In April 1893, Gandhi had sailed for South Africa, a young and inexperienced barrister in search of fortune. In January 1915 he finally returned to India, a Mahatma, with no possessions and with only one ambition – to serve his people. Though the intelligentsia had heard of his exploits in South Africa, he was not much known in India and Indians in general did not realize that “the Great Soul in beggar’s garb”, as the poet Tagore called him called him later, had reached her shores. Nor did he know his shores. Nor did he know his India well. He therefore readily promised his “political guru”, Gokhale, that he would spend the first year in India studying the country, with “his ears open but his mouth shut”.
At the end of his year’s wanderings, Gandhi settled down on the bank of the river Sabarmati, on the outskirts of Ahmedabad, where he founded an ashram in May 1915. He called it the Satyagraha Ashram. The inmates about twenty-five men and women, took the vows of truth, ahimsa, celibacy, non-stealing, non-possession and control of the palate, and dedicated themselves to the service of the people .
Gandhi’s first public address in India was on the occasion of the opening ceremony of the Banaras Hindu University in February 1916, which was distinguished by the presence of many magnets and princes and of the Viceroy himself. Speaking in English he shocked them all by expressing his “deep humiliation and shame” at being compelled “to address my countrymen in a language that is foreign to me”. He shocked them more when turning to the bejewelled princes he said: “There is no salvation for India unless you strip yourselves of this jewellery and hold it in trust for your countrymen in India.” Many princes walked out.
His first satyagraha in India was in Champaran, in Bihar, where he went in 1917 at the request of a poor peasants to inquire into the grievances of the much exploited peasants of that district, who were compelled by British indigo planters to grow indigo on 15 percent of their land and part with the whole crop for rent. The news that a Mahatma had arrived to inquire into their sufferings spread like wild fire and thousands of peasants left their villages to have his darshan and to tell him of their woes. The vested interests were up in arms and the police superintendent ordered Gandhi to leave district. Gandhi refused and was summoned to appear in court the next day. Thousand of peasants followed him there. The embarrassed magistrate postponed the trial and released him without bail, for Gandhi refused to furnish any.
Later, the case was withdrawn and Gandhi proceeded with his inquiry. Along with the inquiry, he educated the peasants in the principles of satyagraha and taught them that the first condition of freedom was freedom from fear. He sent for volunteers who helped to instruct the illiterate and ignorant peasants in elementary hygiene and ran schools for their children.
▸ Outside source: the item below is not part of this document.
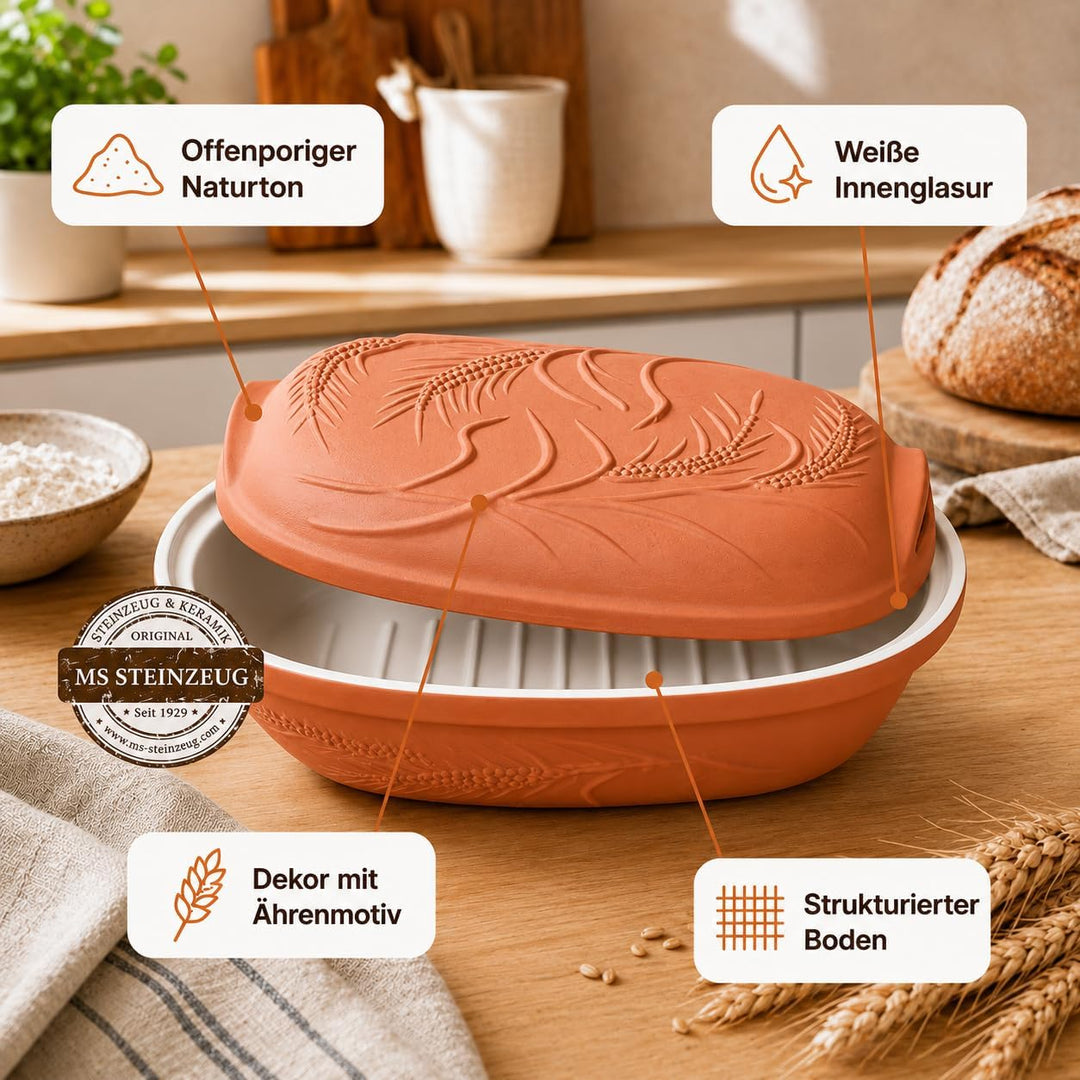 Brottopf Terrakotta TerraStone mit weisser Innenglasur Brot backen Rezepte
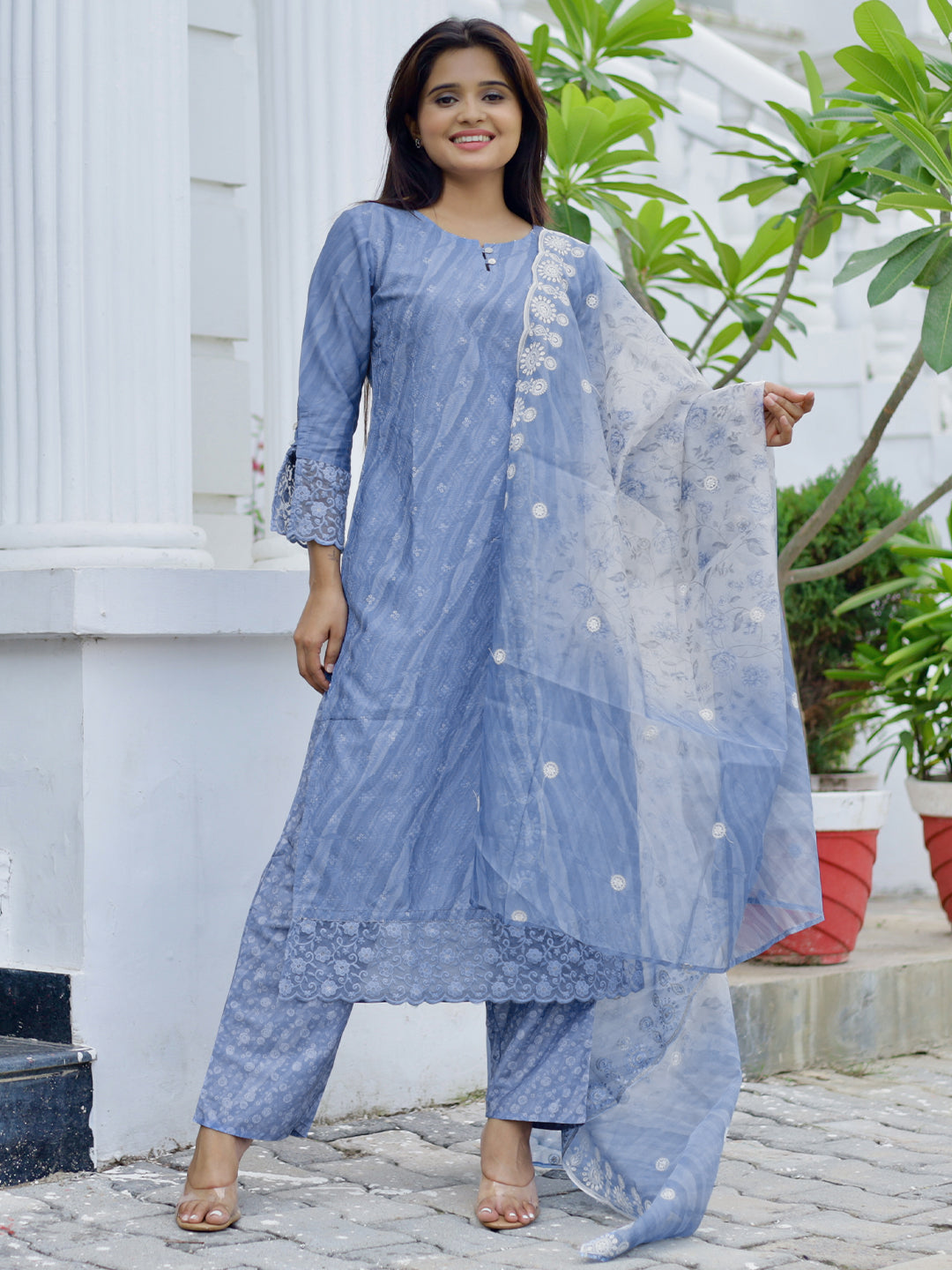 Blue Embroidered Silk Blend Straight Suit With Dupatta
This kind of activity was typical of Gandhi. Even as he taught people to fight for their rights, he taught them to fulfill their obligations. A free people must learn to stand on their feet. But the more he worked for the people the less was his presence welcome to the Government who were at last obliged to set up a committee of inquiry. The report of the committee of which Gandhi was a member went in favour of the tenant farmers. The success of his first experiment in satyagraha in India greatly enhanced Gandhi’s reputation in this country.
Hardly had his work in Champaran been done when Gandhi was called to his ashram at Sabarmati by an urgent appeal from the textile workers of Ahmedabad whose dispute with the mill-owners was taking a serious turn. Having satisfied himself that the workers’ demands were legitimate and mill-owners’ refusal to submit the dispute to arbitration unreasonable, Gandhi asked the workers to strike, on condition that they took a pledge to remain non-violent. They agreed, but after a few days their zeal began to flag and Gandhi feared that they might break the pledge and resort to violence. Since it was the fear of starvation which drove the workers to desperation, Gandhi decided to starve himself. He declared that he would not touch food until a settlement had been reached. At the end of three days, both parties agreed on an arbitration amid general rejoicing.
Almost immediately after came the agrarian trouble in the Kheda district of Gujarat. The peasants who were on the verge of starvation were being forced by the Government to pay the usual tax. Gandhi advised satyagraha and persuade all the peasants, the well-to-do as well as the poor, to take a pledge not to pay any tax until those who could not pay were granted remission. The no-tax campaign lasted for about four months at the end of which the Government suspended the assessment for the poor peasants.
Now there took place an event which still baffles the pacifists in the West. In 1917, the Viceroy Lord Chelmsford invited Gandhi to a War conference convened in Delhi to enlist the support of Indian leaders for the recruitment campaign. At that time Gandhi believed that the British Empire was by and large a power for good, and that since India had on the whole benefited by British connection, it was the duty of every Indian to help the Empire in the hour of its need. Gandhi not only supported the resolution of the War Conference but actually toured the Kheda district (where previously he had led the peasants in satyagraha) to persuade people to enlist.